And why exactly a more sophisticated memory model is needed in game console?
The first answer is that it's what we've already gotten.
There is no tractable development target CPU architecture that has an incoherent memory hierarchy that barely maintains the order of reads from writes in the same thread.
Reasoning through the development, validation, and use of established operating systems and system architectures means getting a sophisticated memory system, whether the game knows it or not.
That's the hardware and software architecture the GPU gets to hook into.
Low-overhead communication and command submission means being able to interact with memory locations in that sophisticated protected portion, rather than have communications going through an intermediary system process that performs copies, patches addresses, and notifies the consumer of the communication. If you want the GPU to be able to handle that memory properly, it has to play by those rules.

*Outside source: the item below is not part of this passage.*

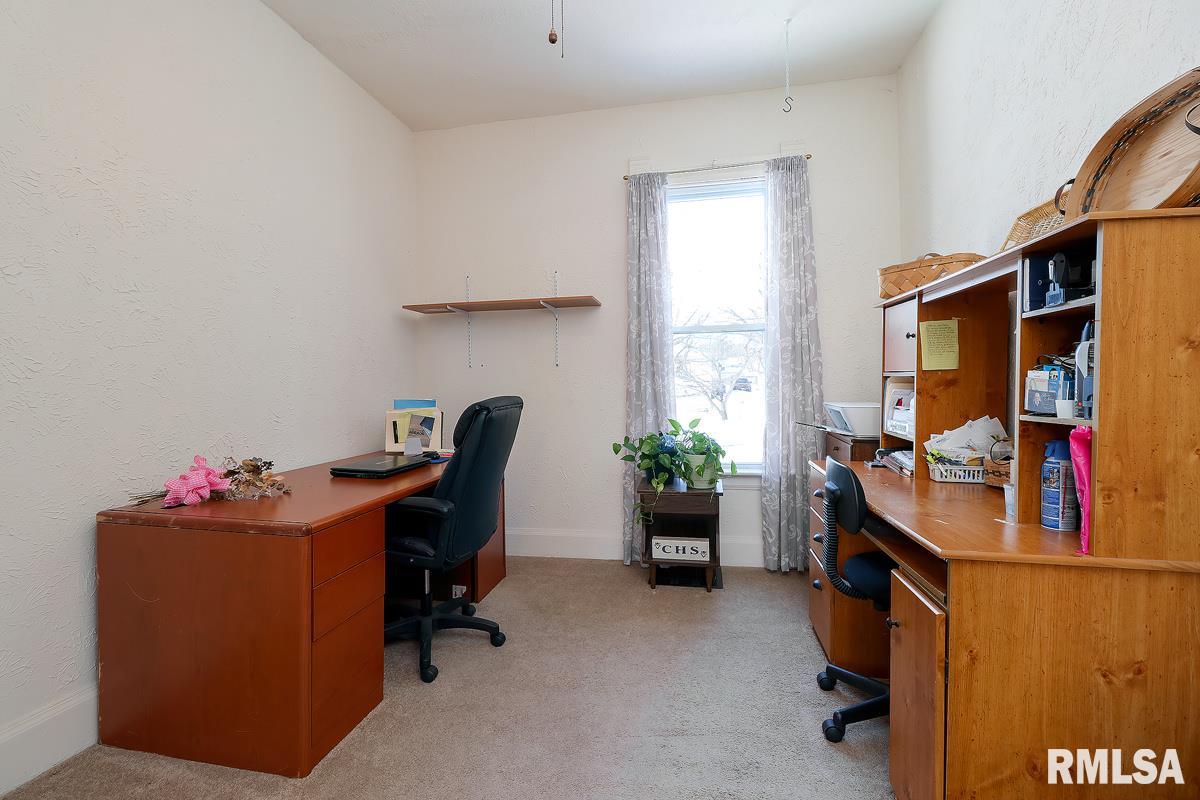 2904 Telegraph Road Davenport, IA 52804 - Photo 7 of 19 Gallery Image 7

Getting things wrong is a fast way to have the system shut everything down.
To switch faster into menu?
It keeps bad code in one of those contexts from stomping on the data of the other, and it secures the OS(s) and hypervisor from erroneous or malicious code.
It maintains protections, simplifies linking and communication between modules and libraries, and keeps the code from having to be rewritten because some instruction sequence in one place bumped things around a little bit in the stream, unlike what a certain local store architecture had a habit of doing.
All of these are one time setup tasks, which can be considered baggage as well.
Right now you need to feed CP with same commands each frame, which is a bigger problem. But it just means that drivers/APIs are bad, we know that already.
We've just gone to the effort of making sure that the GPU only has enough to process one triangle at a time, and nothing else.
And a digest of the system's carry-over state between frames.
Right now, or in the future hardware? In the future it can DMA from specific controller/CPU.
The future hardware is the fault mask used by Carrizo to detect when there's a fault and the GPU asks the grownup hardware to fix the booboo. After that is unclear.
P.S. and continuing the car analogy: GPU is the engine, and CPU is the starter motor, something like that.
If we want to torture the metaphor: In the cars I know of, the starter doesn't kick in whenever the driver taps the clutch, turns the wheel, or it starts raining.
Why not call the CPU the water pump of the GPU gasoline engine? In both cases, the system can operate about as long without.
CPUs are equally not suited. But modern CPUs have a lot of tricky hardware around them to make it less painful to run "branchy code".
So they're equally not suited, just that one does better when it encounters a branch in real life. I'm reading this right, right?
And the solution for both GPU or CPU is to stop writing branchy code
I tried adding that to my process.
IF code.is.branchy then...
...then...
..
. .
.